Tesla announced Kirkhorn’s surprise departure in an SEC filing on Monday, after which the chief financial officer confirmed on LinkedIn that he was leaving the electric car maker.
Kirkhorn joined Tesla as a senior financial analyst in 2010, and became CFO in 2019, per his LinkedIn profile.
After his ascension to the role, Tesla began turning a profit and repaid billions in debt, skyrocketing its value.
“Zach did a great job expanding margins,” said Munster, per Bloomberg. “Usually, when companies scale up production, their margins come under pressure. He threaded the needle, and that’s a hard thing to do.”
In his announcement on LinkedIn, Kirkhorn didn’t say why he left Tesla, but thanked Musk and called his time at Tesla a “special experience.”

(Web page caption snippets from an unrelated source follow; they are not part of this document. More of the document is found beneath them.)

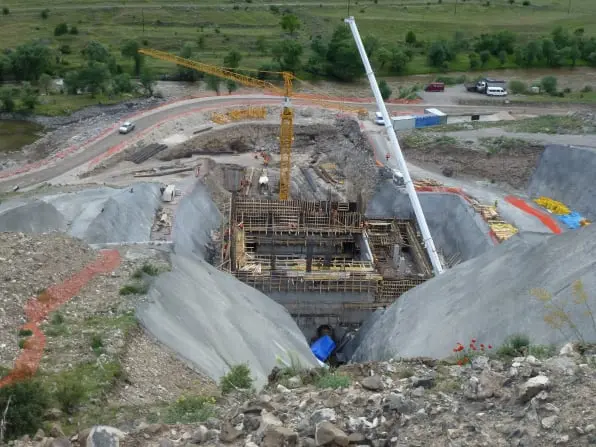 Paravani powerhouse under construction - showing penstock route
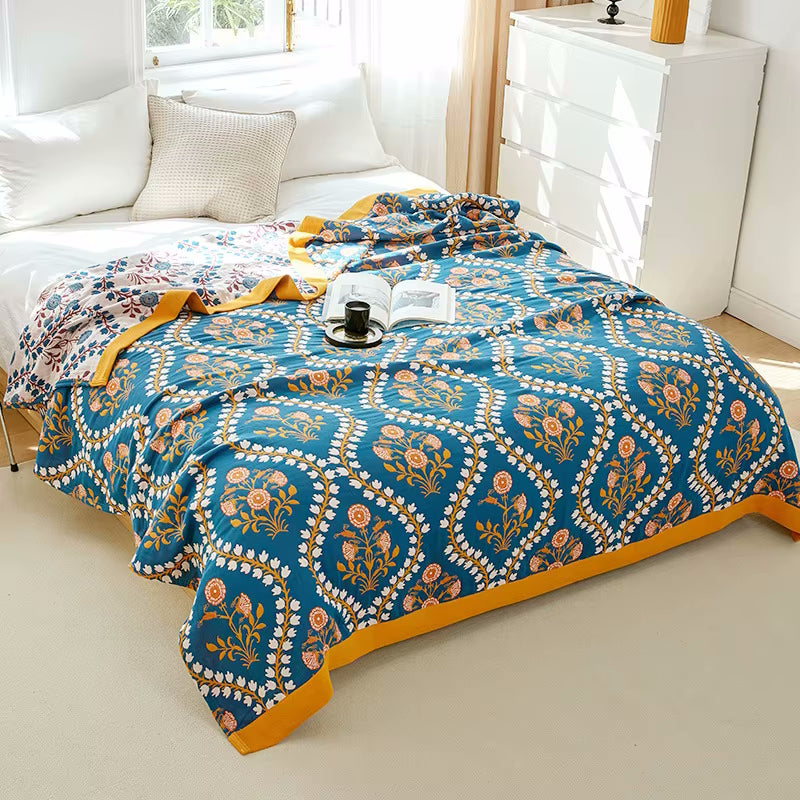 Antheia 2 Regal Floral Cotton Bedding Reversible Quilt Coverlet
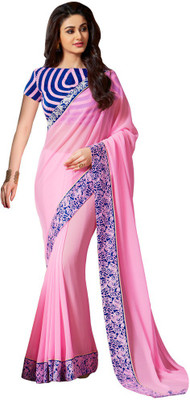 

Parisha Embroidered Fashion Georgette Saree(Pink), Light pink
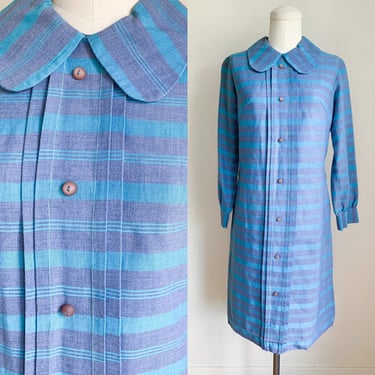 Vintage 1960s Blue Striped Day Dress / S 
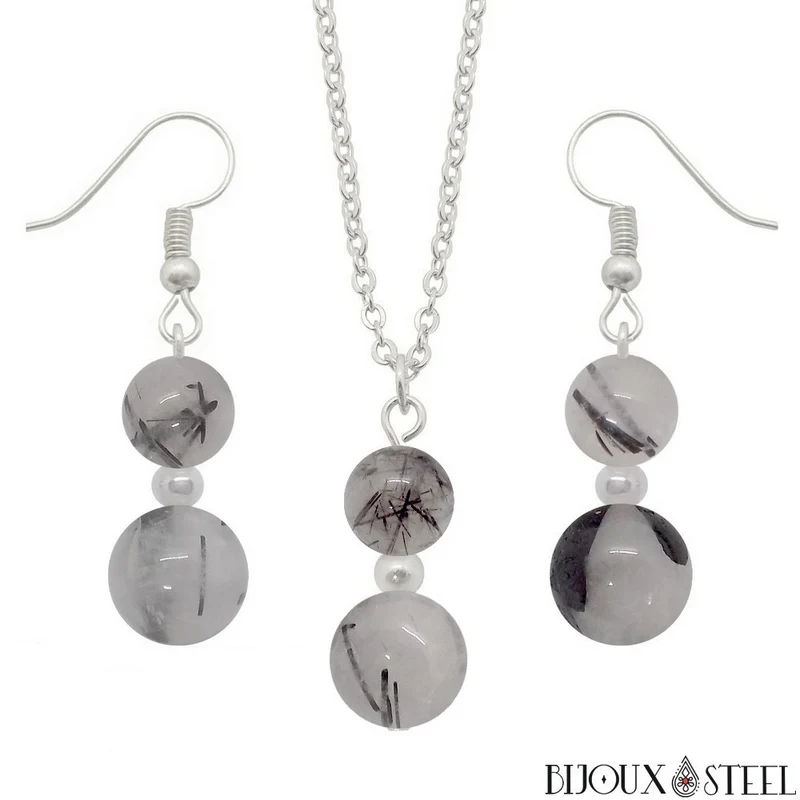 Parure quartz tourmaline en pierre naturelle et acier inoxydable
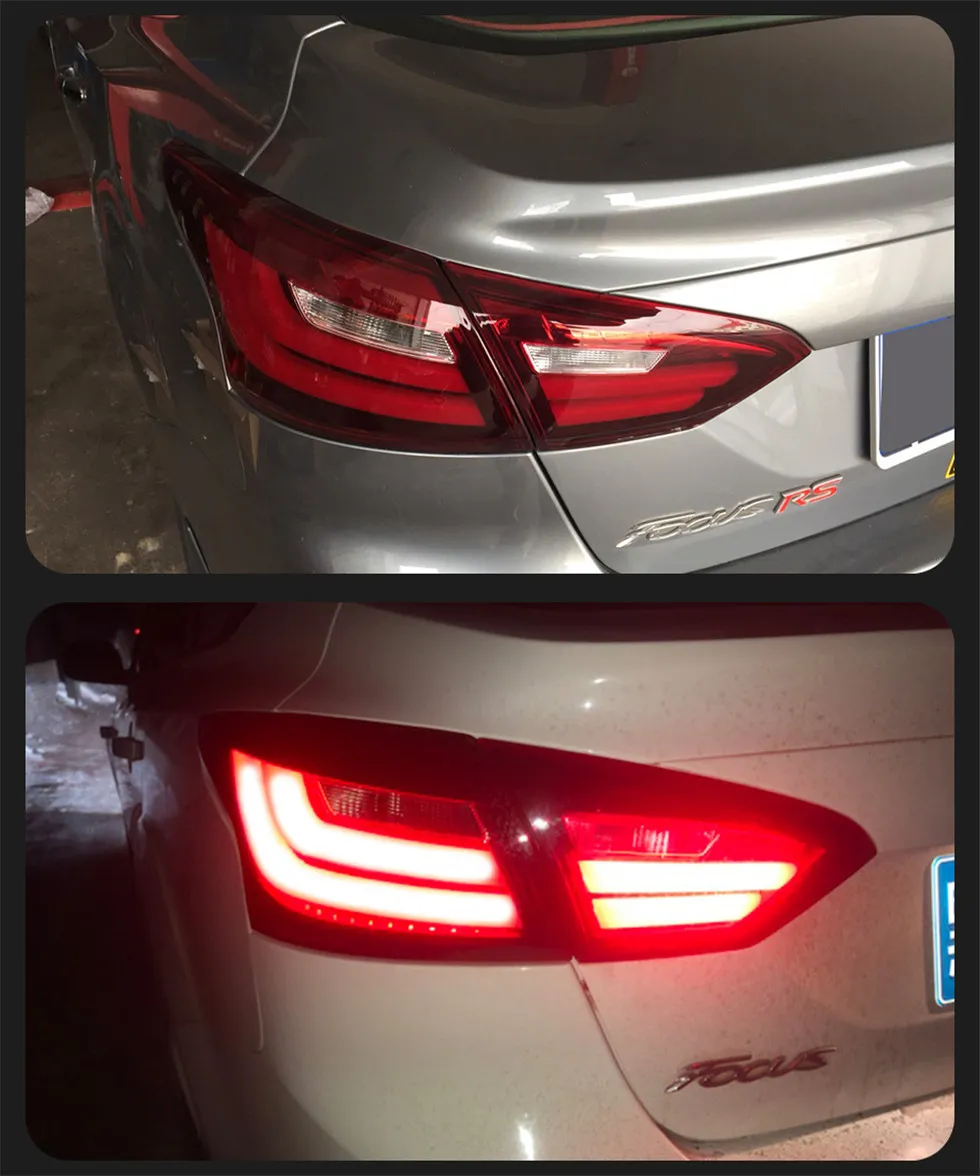 Tail Lights For Ford Focus sedan LED Taillight 2012-2014 Turn Signal Fog Reverse Running Light Auto Rear Lamp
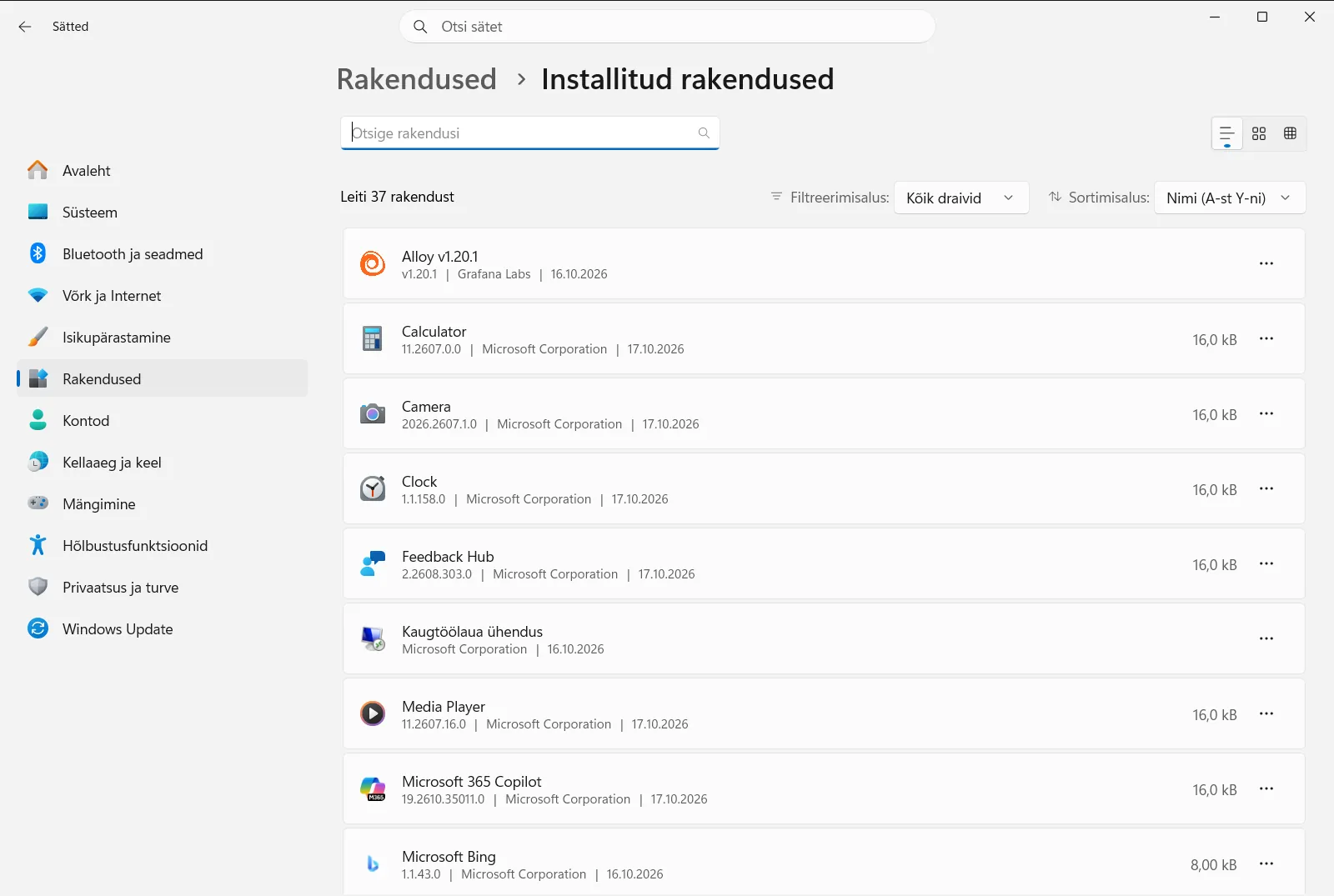 Installitud rakendused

Musk’s management style has come under scrutiny in recent years, particularly amid his haphazard, layoff-heavy takeover of Twitter, now rebranded to X, and repeated allegations that he tends to fire people who disagree with him.
“If you said something wrong or made one mistake or rubbed him the wrong way, he would decide you’re an idiot, and there was nothing that could change his mind,” a Tesla senior engineering executive told Wired in 2018.
That year, 42 Tesla employees who spoke to Insider said the company had become almost like a “cult” dedicated to Musk, who was demanding but pushed people to exceed their own expectations.
Dolly Singh, former head of talent acquisition for SpaceX, told Insider in 2014 that Musk was like a “master diamond maker” who puts immense pressure on his employees.
“He is also likely aware how much it sucks on the receiving end, but he knows you will exceed your own expectations if he keeps the heat on,” she said.
In his LinkedIn post, Kirkhorn wrote that he will remain in Tesla until its leadership transition is complete. Its next CFO is to be Vaibhav Taneja.
“The fact that he’s sticking around until the end of the year bodes well for the transition,” Munster said, per Bloomberg.
Musk addressed Kirkhorn’s departure in a tweet on Monday, thanking the CFO “for his many contributions to Tesla over the course of 13 often difficult years.”
“Much appreciated and best wishes for the next stage of his career,” he wrote.
Musk did not immediately respond to a request for comment sent outside regular business hours.